Get the alternator tested at a local shop as you could have blown both regulators up.

This alt will not turn on if the battery is really low to keep it from burning up. A disconnected sense wire can trigger this protection mode. I would charge and test the battery just in case.

You could stop by a dealer and ask if they would let you look at a schematic for your truck.

The plug you have should be labeled with letters to match the schematic.

More general info: (but get specific info for your truck as different wiring was common).

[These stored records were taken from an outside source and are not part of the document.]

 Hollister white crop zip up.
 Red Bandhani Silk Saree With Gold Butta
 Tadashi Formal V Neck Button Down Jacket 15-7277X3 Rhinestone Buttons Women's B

http://www.hotrodlane.cc/ONLINETECH/CS130DREG.html

http://asktherebuilder.com/forum/index.php?action=printpage;topic=180.0

Thanks for the links. I think I am on to a solution, but don't have a chance to diagnose untill the end of the day. I will post my findings.
 
Can you believe that GM figured it would be a good idea to put the alternater controls through the ECM? Well, if you can find the intermediat BS go to the source. I put my signal and tach wires from the alternator straight through to the cluster harness, and voila, tach and controlled charge. Once the we realized we could bypass all that other junk, it was quite simple, now I just need to calibrate the pulley ratios on the cummins to match the 6.5. Thanks for all the help.

Mike
 
No can't believe it. I thought GM did that much later; like 2005. Learn something new every day...

Why do it?
The ECM or BCM on newer stuff can boost voltage for a fuel pump or command 14.5v for headlight use. It can also kick out the Alt for improved fuel economy.